**RECORDS FOR THIS EXERCISE**.
····················
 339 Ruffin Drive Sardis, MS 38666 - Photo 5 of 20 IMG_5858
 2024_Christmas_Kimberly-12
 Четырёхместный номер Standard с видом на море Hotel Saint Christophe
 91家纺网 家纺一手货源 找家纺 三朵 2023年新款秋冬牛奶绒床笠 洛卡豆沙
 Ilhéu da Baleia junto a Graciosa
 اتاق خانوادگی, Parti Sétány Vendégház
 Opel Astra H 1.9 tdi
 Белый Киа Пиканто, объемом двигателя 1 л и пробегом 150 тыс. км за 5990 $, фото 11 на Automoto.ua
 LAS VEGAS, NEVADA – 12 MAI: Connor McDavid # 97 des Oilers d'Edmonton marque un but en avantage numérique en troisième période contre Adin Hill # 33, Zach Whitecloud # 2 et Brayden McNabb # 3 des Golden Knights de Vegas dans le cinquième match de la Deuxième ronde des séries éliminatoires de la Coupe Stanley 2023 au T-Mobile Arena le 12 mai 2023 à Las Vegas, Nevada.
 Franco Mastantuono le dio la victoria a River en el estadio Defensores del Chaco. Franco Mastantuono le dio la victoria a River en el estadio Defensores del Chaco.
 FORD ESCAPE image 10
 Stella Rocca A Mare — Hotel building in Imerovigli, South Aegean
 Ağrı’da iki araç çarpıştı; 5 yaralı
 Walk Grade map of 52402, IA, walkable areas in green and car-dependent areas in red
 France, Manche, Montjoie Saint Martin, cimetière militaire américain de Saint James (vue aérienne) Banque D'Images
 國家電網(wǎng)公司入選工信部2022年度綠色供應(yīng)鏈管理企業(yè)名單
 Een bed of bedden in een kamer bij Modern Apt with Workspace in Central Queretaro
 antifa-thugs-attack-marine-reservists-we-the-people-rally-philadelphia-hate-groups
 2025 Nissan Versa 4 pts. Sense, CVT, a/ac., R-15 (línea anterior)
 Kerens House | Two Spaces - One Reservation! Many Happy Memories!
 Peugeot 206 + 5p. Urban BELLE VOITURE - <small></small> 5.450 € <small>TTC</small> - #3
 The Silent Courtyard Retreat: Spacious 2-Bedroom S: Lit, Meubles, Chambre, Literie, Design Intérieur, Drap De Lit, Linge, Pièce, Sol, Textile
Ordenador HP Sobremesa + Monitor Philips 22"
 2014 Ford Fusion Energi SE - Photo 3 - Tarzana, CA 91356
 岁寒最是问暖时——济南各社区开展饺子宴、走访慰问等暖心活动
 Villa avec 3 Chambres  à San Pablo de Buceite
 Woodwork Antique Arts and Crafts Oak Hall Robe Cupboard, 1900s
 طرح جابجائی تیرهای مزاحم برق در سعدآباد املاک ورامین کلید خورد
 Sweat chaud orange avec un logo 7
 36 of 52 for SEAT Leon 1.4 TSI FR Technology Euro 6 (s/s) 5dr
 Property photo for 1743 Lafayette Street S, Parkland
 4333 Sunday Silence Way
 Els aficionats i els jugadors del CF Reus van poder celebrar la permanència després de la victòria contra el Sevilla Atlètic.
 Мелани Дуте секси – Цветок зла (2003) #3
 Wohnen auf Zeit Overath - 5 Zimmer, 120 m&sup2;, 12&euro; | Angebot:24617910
····················
**YOUR OBJECTIVE**.
Repeat exactly the lines above, starting with the first line of the records and finishing with the line holding "FORD ESCAPE image 10". Add no other line.

**SOLUTION FOR THIS EXERCISE**.
 339 Ruffin Drive Sardis, MS 38666 - Photo 5 of 20 IMG_5858
 2024_Christmas_Kimberly-12
 Четырёхместный номер Standard с видом на море Hotel Saint Christophe
 91家纺网 家纺一手货源 找家纺 三朵 2023年新款秋冬牛奶绒床笠 洛卡豆沙
 Ilhéu da Baleia junto a Graciosa
 اتاق خانوادگی, Parti Sétány Vendégház
 Opel Astra H 1.9 tdi
 Белый Киа Пиканто, объемом двигателя 1 л и пробегом 150 тыс. км за 5990 $, фото 11 на Automoto.ua
 LAS VEGAS, NEVADA – 12 MAI: Connor McDavid # 97 des Oilers d'Edmonton marque un but en avantage numérique en troisième période contre Adin Hill # 33, Zach Whitecloud # 2 et Brayden McNabb # 3 des Golden Knights de Vegas dans le cinquième match de la Deuxième ronde des séries éliminatoires de la Coupe Stanley 2023 au T-Mobile Arena le 12 mai 2023 à Las Vegas, Nevada.
 Franco Mastantuono le dio la victoria a River en el estadio Defensores del Chaco. Franco Mastantuono le dio la victoria a River en el estadio Defensores del Chaco.
 FORD ESCAPE image 10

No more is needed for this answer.